WHAT THE TASK REQUIRES: Reproduce the records below in full and word for word, excluding pictures.

### DATA

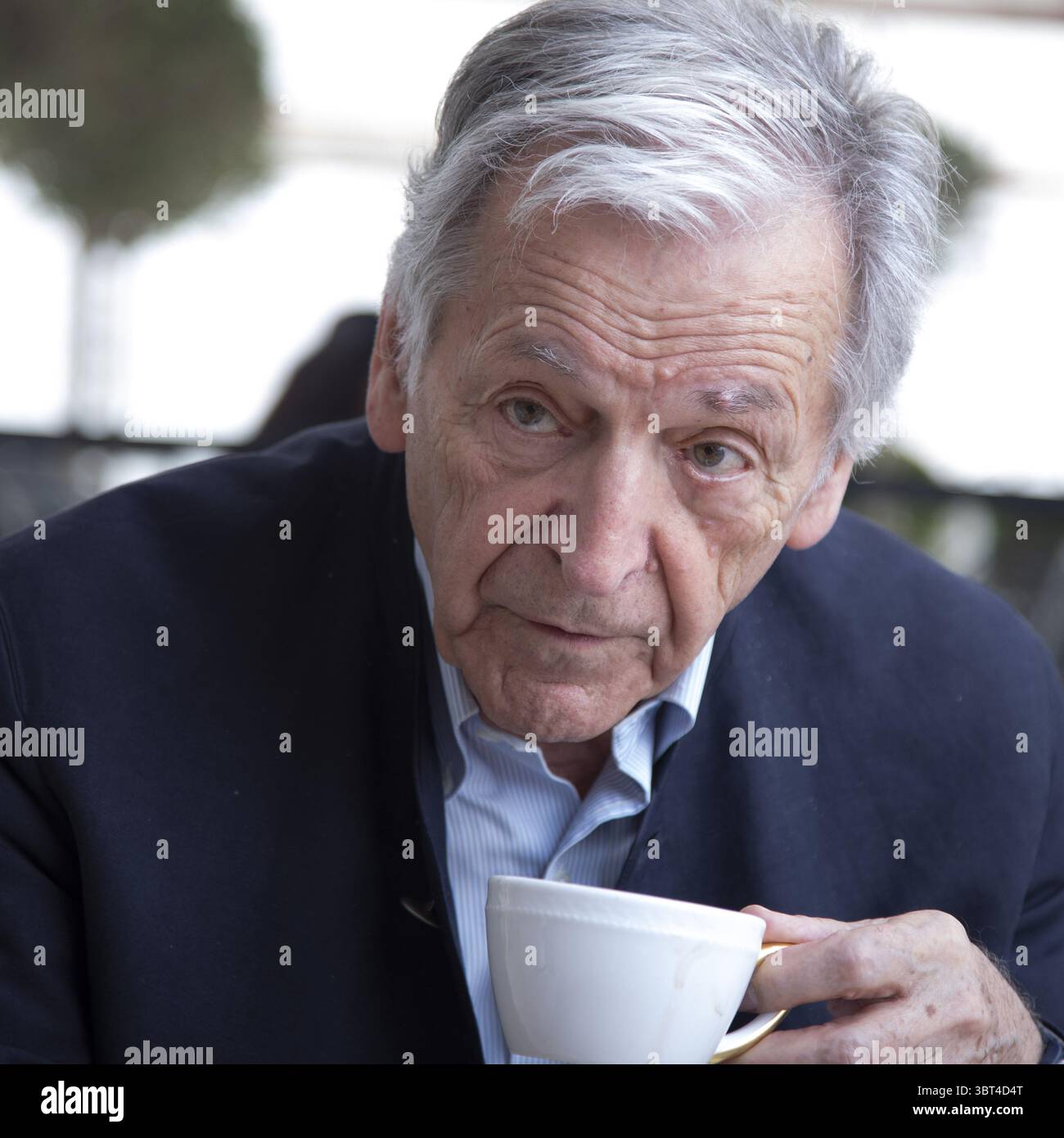 2 septembre 2019, Venise, Italie : le réalisateur franco-grec COSTA-GAVRAS à l'hôtel Excelsior de Venise pour promouvoir son dernier film "Adults in the Room" au FF 2019 de Venise. (Crédit image : © Armando Gallo/ZUMA Studio) Banque D'Images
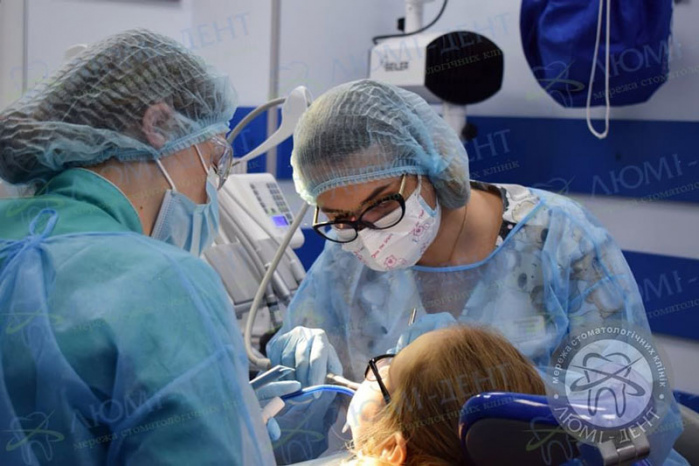 Анестезия в стоматологии детям фото ЛюмиДент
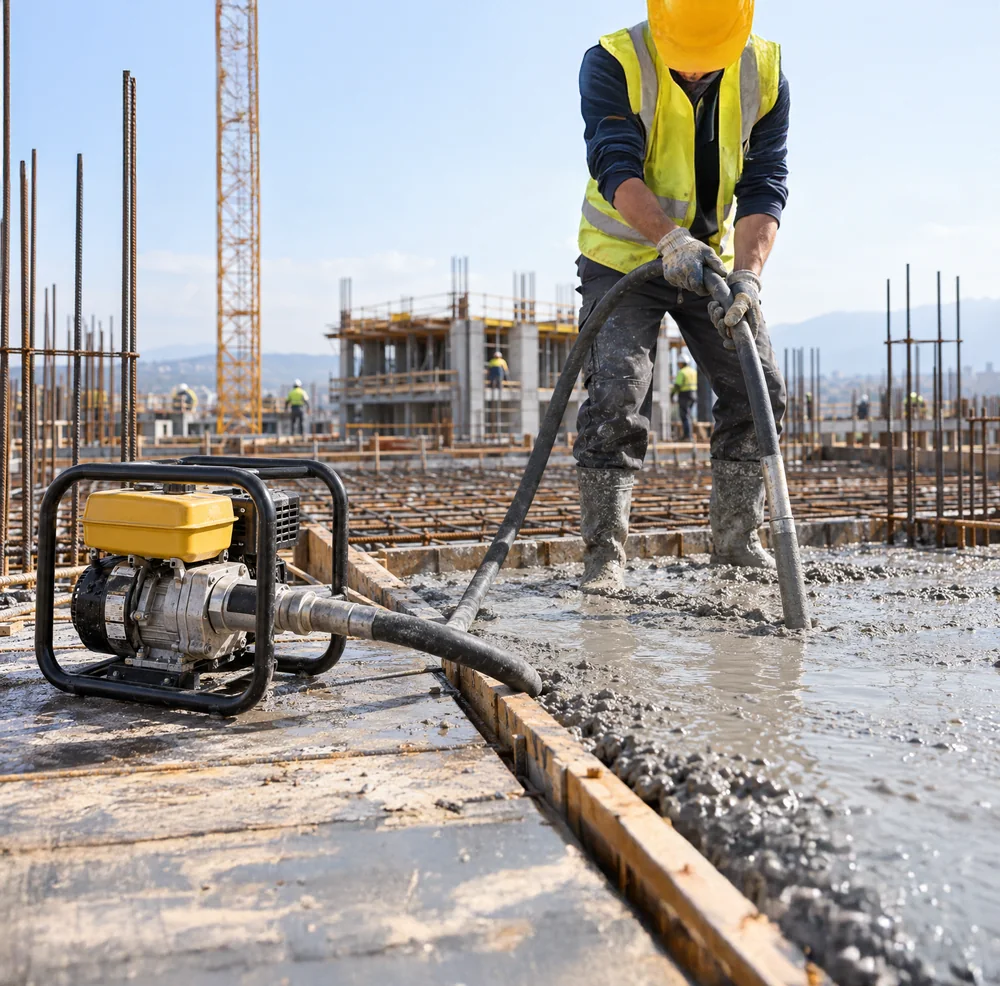 Vibradores de Concreto EMRO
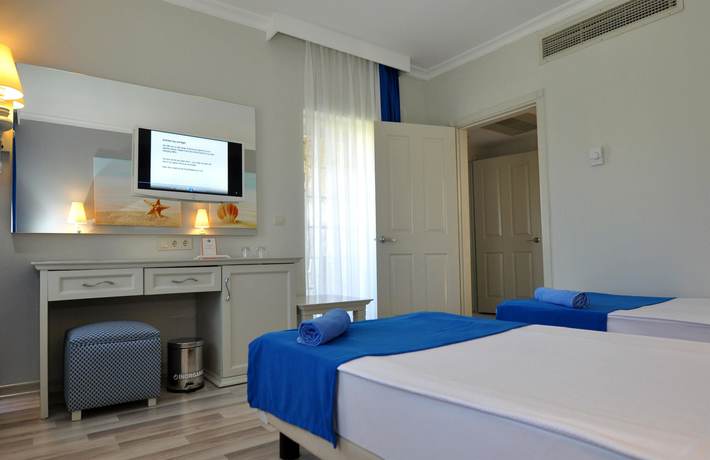 Imagen de la habitación del Hotel Selectum Collection Bodrum. Foto 7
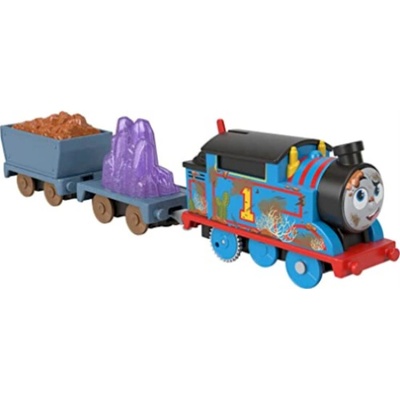 Fisher Price Lokomotíva Tomáš Kryštálová jaskyňa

######

ANSWER BOX:
 2 septembre 2019, Venise, Italie : le réalisateur franco-grec COSTA-GAVRAS à l'hôtel Excelsior de Venise pour promouvoir son dernier film "Adults in the Room" au FF 2019 de Venise. (Crédit image : © Armando Gallo/ZUMA Studio) Banque D'Images
 Анестезия в стоматологии детям фото ЛюмиДент
 Vibradores de Concreto EMRO
 Imagen de la habitación del Hotel Selectum Collection Bodrum. Foto 7
 Fisher Price Lokomotíva Tomáš Kryštálová jaskyňa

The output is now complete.